Palestine’s National Consensus Government is no such thing

The new Palestinian unity govt

The new Palestinian National Consensus government that was sworn in last Monday under Palestinian Authority President Mahmoud Abbas may offer some respite to Hamas, presently encumbered with financial crises and the heavy burden of administering Gaza; but at the same time, the new administrative arrangement will weaken the movement and lead to internal crises in the foreseeable future, writes Abdelbari Atwan.

The siege of Gaza has worsened since a military coup removed elected Egyptian President Muhammad Morsi, increasing Hamas’s problems due to the near permanent closure of the Rafah crossing and the destruction of more than one thousand tunnels that were a lifeline for Gaza’s economy; in addition, the Egyptian media has been waging a vicious campaign against Hamas.

Hamas has put all its eggs in one basket – and that basket belongs to Abbas. They have conceded to all his demands and conditions. But Abbas’s basket is full of holes and he is facing severe crises of his own – not least the abject failure of the peace talks with Israel. Like Hamas, Abbas is not likely to actually improve his lot, but is merely jumping from the frying pan into the fire.

When I say that Hamas waved the white flag and gave in to all of Abbas’ conditions and demands, I am referring to its relinquishing three major ministerial portfolios: the foreign ministry — Hamas first rejected Riyad al-Maliki remaining in that role but agreed after Abbas insisted; the ministry of religious affairs — Hamas proposed a candidate who was not selected; and finally, the ministry of prisoner affairs which was reduced to a Commission under Israeli and American pressure.

Mahmoud Abbas
Mahmoud Abbas

One cannot therefore describe this as a government of “national consensus” by any stretch of the imagination — despite Hamas welcoming its installation at the last minute. Rather it is the government of Abbas and his authority.
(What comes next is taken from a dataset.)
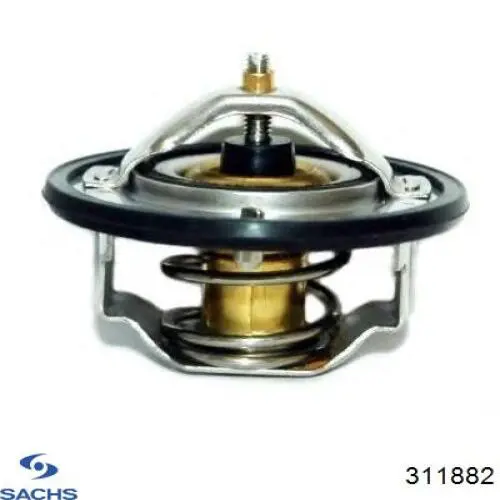 Amortiguador de cabina 504115380 Iveco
The four Gaza ministers, all of them independents, were not even permitted to travel to Ramallah for the swearing-in ceremony, except for Ziad Abu Amra, the minister of culture who was already there!

It is difficult to be optimistic about the ability of this government to achieve its greatest responsibility which is organizing presidential and legislative elections in an envisaged six-month time frame.

In addition, Israel has announced that it will neither recognize nor deal with this new government. The only thing that might change minds in Tel Aviv would be enormous concessions, such as Abbas dropping key pre-requisites for a return to the negotiating table, such as the release of a fourth batch of prisoners and freezing settlement building.

Contradictory statements from Hamas leaders and spokespersons in the final hours before the government was sworn in reveal the confusion within the movement’s ranks. They also reveal the clear divisions between two factions within Hamas: one that from the beginning of the “reconciliation” process opposed giving the keys of government back to the Palestinian Authority in Ramallah and creating a consensus government according to Abbas’ conditions; the other envisages – given the severe financial crisis and siege – Hamas giving up administering the Gaza strip and returning to the pre-2007 status quo.

It is perhaps it is too early to judge Hamas’ decisions and choices, but there is no doubt that Abbas dictated all the conditions and put a gun to Hamas’ head, telling them, in effect, “either you accept or I will put a bullet into the reconciliation agreement.” Hamas, or at least the prevailing faction within it, preferred to accept Abbas’ terms, dropping all the movement’s objections.